Founder’s Story

About the President / Co-Founder

Chris Kreiger was inspired to co-found WNYHeroes – a veterans’ assistance organization – as a result of personal experience gained following a decade of service with the United States military. Kreiger joined the U.S. Army in 1997 with primary military occupational specialty status (MOS) as a combat medic, and secondary (MOS) as Military Police. During his first five years in the military, he served his country and others in several important security operations: In 1999, he served alongside North Atlantic Treaty Organization (NATO) forces securing mass grave sites in Bosnia through Operation Join Forge Of all the challenges he faced in the military, the most impactful was to come in 2003, when he was called to serve as a medic in Operation Iraqi Freedom the war in Iraq. During his service in Iraq, Kreiger was hit multiple times by roadside bombs, one of which left him injured.
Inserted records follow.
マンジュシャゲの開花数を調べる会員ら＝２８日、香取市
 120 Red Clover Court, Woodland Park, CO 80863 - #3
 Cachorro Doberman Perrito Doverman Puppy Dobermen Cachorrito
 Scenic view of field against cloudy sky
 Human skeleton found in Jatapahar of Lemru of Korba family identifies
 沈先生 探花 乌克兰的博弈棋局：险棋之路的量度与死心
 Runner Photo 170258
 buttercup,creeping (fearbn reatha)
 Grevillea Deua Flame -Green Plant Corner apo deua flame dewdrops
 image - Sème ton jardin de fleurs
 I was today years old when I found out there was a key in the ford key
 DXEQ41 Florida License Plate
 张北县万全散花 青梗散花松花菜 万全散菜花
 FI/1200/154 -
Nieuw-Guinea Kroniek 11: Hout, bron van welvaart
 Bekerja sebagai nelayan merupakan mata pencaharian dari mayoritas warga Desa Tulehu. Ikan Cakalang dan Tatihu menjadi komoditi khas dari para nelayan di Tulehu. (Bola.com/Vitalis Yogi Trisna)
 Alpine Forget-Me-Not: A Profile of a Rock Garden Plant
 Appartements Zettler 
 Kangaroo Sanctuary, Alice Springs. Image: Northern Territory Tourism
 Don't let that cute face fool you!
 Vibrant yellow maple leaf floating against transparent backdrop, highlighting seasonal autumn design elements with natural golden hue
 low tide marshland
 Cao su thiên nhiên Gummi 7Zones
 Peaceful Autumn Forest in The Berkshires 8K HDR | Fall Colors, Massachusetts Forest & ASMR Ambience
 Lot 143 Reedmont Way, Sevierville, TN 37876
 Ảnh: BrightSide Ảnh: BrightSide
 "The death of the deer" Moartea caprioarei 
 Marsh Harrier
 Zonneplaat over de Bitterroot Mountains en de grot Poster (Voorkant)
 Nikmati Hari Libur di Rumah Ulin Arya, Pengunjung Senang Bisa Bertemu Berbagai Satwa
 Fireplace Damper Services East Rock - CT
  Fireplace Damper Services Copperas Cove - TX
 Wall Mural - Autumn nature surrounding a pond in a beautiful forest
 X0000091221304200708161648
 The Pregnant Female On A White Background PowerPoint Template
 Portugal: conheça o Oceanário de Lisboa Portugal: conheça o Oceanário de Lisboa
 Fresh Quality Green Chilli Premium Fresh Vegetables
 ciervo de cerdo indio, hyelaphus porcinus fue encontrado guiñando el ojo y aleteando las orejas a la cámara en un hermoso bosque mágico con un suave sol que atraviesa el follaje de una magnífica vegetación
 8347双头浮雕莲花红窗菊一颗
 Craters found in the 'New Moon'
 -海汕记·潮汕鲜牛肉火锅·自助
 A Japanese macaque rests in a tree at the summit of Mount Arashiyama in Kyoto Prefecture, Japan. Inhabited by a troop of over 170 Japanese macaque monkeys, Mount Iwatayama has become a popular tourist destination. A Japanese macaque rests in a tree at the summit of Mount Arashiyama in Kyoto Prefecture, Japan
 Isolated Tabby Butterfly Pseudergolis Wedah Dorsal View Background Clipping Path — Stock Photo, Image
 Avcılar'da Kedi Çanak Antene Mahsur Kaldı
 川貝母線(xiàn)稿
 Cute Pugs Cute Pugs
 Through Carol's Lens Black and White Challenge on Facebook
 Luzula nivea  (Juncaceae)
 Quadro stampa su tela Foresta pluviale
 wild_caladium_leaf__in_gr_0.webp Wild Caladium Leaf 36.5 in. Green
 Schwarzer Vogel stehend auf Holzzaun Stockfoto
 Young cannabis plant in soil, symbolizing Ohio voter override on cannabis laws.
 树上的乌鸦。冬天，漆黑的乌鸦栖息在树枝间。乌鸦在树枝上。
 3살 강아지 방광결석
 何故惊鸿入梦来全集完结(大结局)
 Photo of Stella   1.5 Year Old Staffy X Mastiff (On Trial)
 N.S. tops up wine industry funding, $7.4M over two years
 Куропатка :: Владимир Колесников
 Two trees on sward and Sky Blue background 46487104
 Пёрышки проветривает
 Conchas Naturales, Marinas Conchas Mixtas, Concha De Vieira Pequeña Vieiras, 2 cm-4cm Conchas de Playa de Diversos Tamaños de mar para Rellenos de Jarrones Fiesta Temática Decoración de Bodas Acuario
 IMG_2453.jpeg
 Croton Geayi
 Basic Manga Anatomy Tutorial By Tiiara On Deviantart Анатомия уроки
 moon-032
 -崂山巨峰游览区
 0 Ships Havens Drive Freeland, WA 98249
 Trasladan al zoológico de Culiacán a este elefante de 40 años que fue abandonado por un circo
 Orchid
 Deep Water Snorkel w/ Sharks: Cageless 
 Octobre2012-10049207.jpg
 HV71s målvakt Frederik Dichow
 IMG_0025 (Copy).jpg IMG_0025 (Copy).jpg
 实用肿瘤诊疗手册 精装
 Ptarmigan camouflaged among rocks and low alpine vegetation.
He now suffers with significant hearing loss in both ears leaving him to wear hearing aids. Further complicating his short- and long-term recovery, Kreiger experienced a traumatic brain injury (TBI) to his brain. Kreiger returned home where setbacks continued. It took two years to receive 100 percent disability pay – and in the meantime, he and his family experienced the additional heartbreak of losing their home as a result of financial and physical difficulties from his wartime injuries. Kreiger was released from the military in 2007, and in 2008 was sent to the Veterans Hospital Polytrauma Brain Injury Center in Richmond Virginia, where he spent 5 weeks receiving much-needed care for the injuries he incurred, including medical attention to control the seizures resulting from TBI. Today, as the co-founder of the non-profit organization WNYHeroes, Inc., Kreiger works tirelessly to provide the support, assistance and resources – financial, physical and emotional – that veterans need following service to our country. The organization’s goal, as well as Kreiger’s own, is to ease the transition from combat to civilian life, and eliminate the hardships and complications that too many veterans continue to experience in America today.